Even if that’s so, the field’s application is still often fairly creepy, marked by manipulation. It’s real noble contribution would be to teach us about the biases we unwittingly possess and the flaws in our thought processes, so we could analyze them and overcome these failings in time through the development of better critical thinking. Perhaps we’re only in the Proterozoic period of the discipline, and that’s what the branch actually contributes in the long run. 

Until that more enlightened age, capitalism almost demands that abuses of the subject will be employed by enough players hoping to pad their bank accounts through “priming” and other predatory practices. Even if the efficacy of these methods is overstated, there’s still plenty of money to be made on the margins, prodding the more prone among us to purchase or politick in a particular way.

In a wonderfully thought-provoking New York Review of Books piece about Michael Lewis’ book The Undoing Project: A Friendship That Changed Our Minds, philosopher Tamsin Shaw argues convincingly that the “pressures to exploit irrationalities rather than eliminate them are great.” An excerpt: 

In 2007, and again in 2008, Kahneman gave a masterclass in “Thinking About Thinking” to, among others, Jeff Bezos (the founder of Amazon), Larry Page (Google), Sergey Brin (Google), Nathan Myhrvold (Microsoft), Sean Parker (Facebook), Elon Musk (SpaceX, Tesla), Evan Williams (Twitter), and Jimmy Wales (Wikipedia).3 At the 2008 meeting, Richard Thaler also spoke about nudges, and in the clips we can view online he describes choice architectures that guide people toward specific behaviors but that can be reversed with one click if the subject doesn’t like the outcome. In Kahneman’s talk, however, he tells his assembled audience of Silicon Valley entrepreneurs that “priming”—picking a suitable atmosphere—is one of the most important areas of psychological research, a technique that involves offering people cues unconsciously (for instance flashing smiley faces on a screen at a speed that makes them undetectable) in order to influence their mood and behavior. He insists that there are predictable and coherent associations that can be exploited by this sort of priming. If subjects are unaware of this unconscious influence, the freedom to resist it begins to look more theoretical than real.

The Silicon Valley executives clearly saw the commercial potential in these behavioral techniques, since they have now become integral to that sector. When Thaler and Sunstein last updated their nudges.org website in 2011, it contained an interview with John Kenny, of the Institute of Decision Making, in which he says:

You can’t understand the success of digital platforms like Amazon, Facebook, Farmville, Nike Plus, and Groupon if you don’t understand behavioral economic principles…. Behavioral economics will increasingly be providing the behavioral insight that drives digital strategy.

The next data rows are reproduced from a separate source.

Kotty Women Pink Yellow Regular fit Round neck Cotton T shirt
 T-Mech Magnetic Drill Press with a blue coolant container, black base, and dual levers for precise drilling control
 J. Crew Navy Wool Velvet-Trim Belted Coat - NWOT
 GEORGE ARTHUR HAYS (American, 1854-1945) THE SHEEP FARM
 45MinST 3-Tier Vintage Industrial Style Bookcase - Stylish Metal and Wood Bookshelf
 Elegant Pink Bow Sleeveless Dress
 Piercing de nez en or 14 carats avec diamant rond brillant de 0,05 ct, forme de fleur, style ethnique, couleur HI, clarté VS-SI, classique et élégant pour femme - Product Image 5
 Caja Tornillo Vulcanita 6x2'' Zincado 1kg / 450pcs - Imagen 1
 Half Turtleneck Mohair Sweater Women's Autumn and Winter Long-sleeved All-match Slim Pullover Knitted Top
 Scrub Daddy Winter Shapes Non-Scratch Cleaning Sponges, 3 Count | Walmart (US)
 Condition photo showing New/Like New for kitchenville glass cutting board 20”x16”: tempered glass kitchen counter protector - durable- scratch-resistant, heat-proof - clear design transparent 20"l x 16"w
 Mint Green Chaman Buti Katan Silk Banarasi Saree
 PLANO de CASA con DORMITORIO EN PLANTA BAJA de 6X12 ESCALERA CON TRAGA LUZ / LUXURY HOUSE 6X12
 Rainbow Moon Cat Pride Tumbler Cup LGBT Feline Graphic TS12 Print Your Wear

And Jeff Bezos of Amazon, in a letter to shareholders in April 2015, declared that Amazon sellers have a significant business advantage because “through our Selling Coach program, we generate a steady stream of automated machine-learned ‘nudges’ (more than 70 million in a typical week).” It is hard to imagine that these 70 million nudges leave Amazon customers with the full freedom to reverse, after conscious reflection, the direction in which they are being nudged.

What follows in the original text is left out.